Cerebral vasodilation during hypercapnia. Role of glibenclamide-sensitive potassium channels and nitric oxide.
The purpose of these experiments was to examine mechanisms by which hypercapnia produces vasodilatation in brain. We examined the hypothesis that dilatation of cerebral arterioles during hypercapnia is dependent on activation of ATP-sensitive potassium channels and formation of nitric oxide.
Diameters of cerebral arterioles were measured using a closed cranial window in anesthetized rabbits. Changes in diameter of arterioles were measured in response to topical application of acetylcholine and sodium nitroprusside and during two levels of systemic hypercapnia.

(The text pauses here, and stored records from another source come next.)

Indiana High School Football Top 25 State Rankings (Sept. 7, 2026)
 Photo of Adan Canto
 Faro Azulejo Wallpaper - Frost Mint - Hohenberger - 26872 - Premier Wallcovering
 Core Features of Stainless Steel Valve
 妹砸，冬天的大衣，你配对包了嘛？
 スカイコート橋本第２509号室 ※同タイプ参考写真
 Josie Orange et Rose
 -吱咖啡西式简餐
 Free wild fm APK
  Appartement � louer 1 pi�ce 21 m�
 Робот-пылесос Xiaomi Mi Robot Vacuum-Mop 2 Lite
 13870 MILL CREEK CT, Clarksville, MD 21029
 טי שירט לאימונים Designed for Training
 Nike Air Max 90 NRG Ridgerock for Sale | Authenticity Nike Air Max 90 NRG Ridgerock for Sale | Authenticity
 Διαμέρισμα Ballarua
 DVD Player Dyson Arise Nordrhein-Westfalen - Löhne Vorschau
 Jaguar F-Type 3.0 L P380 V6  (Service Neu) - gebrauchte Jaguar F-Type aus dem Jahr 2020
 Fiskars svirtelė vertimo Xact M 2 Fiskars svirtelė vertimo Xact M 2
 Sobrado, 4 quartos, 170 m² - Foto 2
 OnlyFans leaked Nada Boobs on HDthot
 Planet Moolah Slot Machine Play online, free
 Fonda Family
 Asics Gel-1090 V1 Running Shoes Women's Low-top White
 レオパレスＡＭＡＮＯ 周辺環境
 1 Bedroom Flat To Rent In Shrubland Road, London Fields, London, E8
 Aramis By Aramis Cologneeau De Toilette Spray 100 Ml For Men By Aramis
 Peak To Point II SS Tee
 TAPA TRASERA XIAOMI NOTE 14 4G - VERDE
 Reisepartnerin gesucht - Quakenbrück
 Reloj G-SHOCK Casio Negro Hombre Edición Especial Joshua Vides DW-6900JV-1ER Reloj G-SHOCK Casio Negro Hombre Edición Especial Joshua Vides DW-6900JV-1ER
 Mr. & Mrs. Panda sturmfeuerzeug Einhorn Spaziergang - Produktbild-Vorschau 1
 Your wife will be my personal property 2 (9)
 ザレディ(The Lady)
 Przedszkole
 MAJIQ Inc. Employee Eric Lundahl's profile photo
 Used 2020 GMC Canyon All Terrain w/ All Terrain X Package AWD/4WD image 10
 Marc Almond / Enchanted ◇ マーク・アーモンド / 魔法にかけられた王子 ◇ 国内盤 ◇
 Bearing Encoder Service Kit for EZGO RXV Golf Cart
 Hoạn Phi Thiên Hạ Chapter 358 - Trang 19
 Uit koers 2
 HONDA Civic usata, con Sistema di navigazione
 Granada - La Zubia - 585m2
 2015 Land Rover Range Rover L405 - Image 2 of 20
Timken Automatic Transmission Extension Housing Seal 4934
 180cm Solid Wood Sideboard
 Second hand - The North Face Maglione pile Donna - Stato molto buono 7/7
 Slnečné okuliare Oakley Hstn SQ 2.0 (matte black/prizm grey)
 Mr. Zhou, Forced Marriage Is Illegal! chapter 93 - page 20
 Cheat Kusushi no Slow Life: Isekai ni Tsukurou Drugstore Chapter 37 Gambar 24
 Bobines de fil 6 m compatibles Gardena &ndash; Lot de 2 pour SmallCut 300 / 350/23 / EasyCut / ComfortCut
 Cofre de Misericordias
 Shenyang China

Increasing arterial PCO2 from 32 +/- 1 mm Hg (mean +/- SE) to 54 +/- 1 and 66 +/- 1 mm Hg dilated cerebral arterioles by 25 +/- 3% and 38 +/- 5%, respectively, from a control diameter of 93 +/- 3 microns. The response to the low level of hypercapnia was attenuated (25 +/- 3% versus 16 +/- 4%, P < .05) by glibenclamide (1 mumol/L), an inhibitor of ATP-sensitive potassium channels. Vasodilatation in response to the high level of hypercapnia was not affected by glibenclamide. Increases in arteriolar diameter in response to sodium nitroprusside were not inhibited by glibenclamide. NG-nitro-L-arginine (300 mumol/L), an inhibitor of nitric oxide synthase, completely inhibited dilatation of cerebral arterioles in response to the low level of hypercapnia and inhibited vasodilatation during the high level of hypercapnia by 66%.
Thus, activation of glibenclamide-sensitive potassium channels may contribute to dilatation of cerebral arterioles during hypercapnia. Cerebral vasodilatation during hypercapnia is dependent in large part on production of nitric oxide.